On a business call with a number of various other health professionals recently, the speaker gave a short run down on what the Centres For Disease Control and Prevention (CDC) had to say about overweight and obesity.
I've got to say, of all the health issues, discussion around weight is by far one of the most touchy subjects out there. For some, it's even a trigger and they shut down, tune out and the walls go up.
And yet the problems surrounding weight in our society haven't diminished. In fact, they've grown and at the current rate, some experts caution our health care systems soon won't be able to handle all that comes from being overweight or obese. So even though this many be an uncomfortable topic, it's an important one that needs addressing.
Before I get into some of the illness associated with, and/or caused by overweight and obesity, here are a few interesting facts around weight that I pulled from the CDC's website:
• Genes do play a role in obesity but genetic changes in human populations occur too slowly to be responsible for the obesity epidemic.
• Obesity is also associated with the leading causes of death in the United States and worldwide
• Obesity is serious because it is associated with poorer mental health outcomes and reduced quality of life.
The reduced quality of life is one that everyone should be concerned about.
I've often had conversations with people about the fact our DNA suggests we are designed to live well past the age of 100. More often than not, when people hear this they react in horror, saying something like, “No way! I don't want to live that long!”
When I ask why, it's always the same answer. People assume that those years will be fraught with illness, disease, cognitive decline and just an overall reduced or non-existent quality of life.
What they don't realize is, that isn't how it has to be. No matter where we are in our health journey at the moment, each one of us can do things that will help improve our health and by default, increase or extend quality of life. That's why, even though it can be an uncomfortable subject, it really is important to talk about weight and how it relates to our overall health.
I believe achieving and maintaining a healthy weight is one of the biggest things anyone can do to improve health. And when done in a way that focuses on creating health in the body, as opposed to a quick-fix, let's-try-this-latest-diet idea, significant improvements will not only be seen and felt rather quickly, but results are more likely to be maintained.
How you achieve your weight goals should also be how you keep those results. After all, if it's not something you feel good about doing and can do for life, why even get started? Yes? Or yes.

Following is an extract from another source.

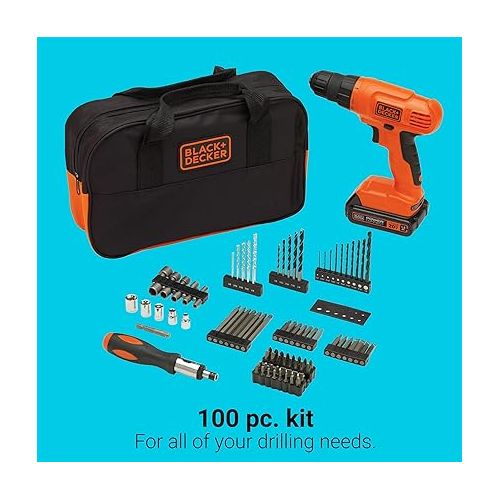  BLACK+DECKER 20V MAX* POWERCONNECT Cordless Drill Kit + 100 pc. Kit (BDC120VA100), Orange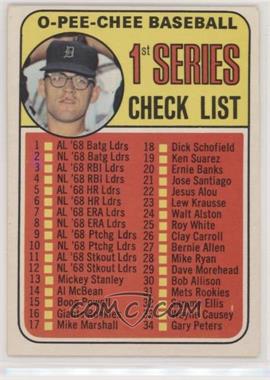 1969 O-Pee-Chee - [Base] #57 - Checklist - Denny McLain (1st Series)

Let's take a look at what aspects of our health and our lives are affected by carrying around excess weight. According to the CDC's website under the heading, “Consequences for Obesity” and the subheading, “Health Consequences,” people who have obesity, compared to those with a healthy weight, are at increased risk for many serious diseases and health conditions, including the following: all cause of death, high blood pressure, high LDL cholesterol, low HDL cholesterol, or high levels of triglycerides (Dyslipidemia), Type 2 Diabetes, coronary heart disease, stroke, gall bladder disease, Osteoarthritis (a breakdown of cartilage and bone within a joint), Sleep apnea, Breathing problems, Low quality of life, Mental illness such as clinical depression, anxiety and other mental disorders, Body pain and difficulty with physical functioning. Quite the list isn't it?
And if that weren't enough, under the sub-heading, “Economic and Societal Consequences” it reads, “...Indirect costs relate to sickness and death and include lost productivity. Productivity measures include employees being absent from work for obesity-related health reasons, decreased productivity while at work, and premature death and disability.”
It's that last part that really hits home. That's the point I'm trying to make. As a health professional and a coach, it's part of my job to say what people need to hear, not necessarily what they want to hear, and then help them find a solution to take back control and live their best health.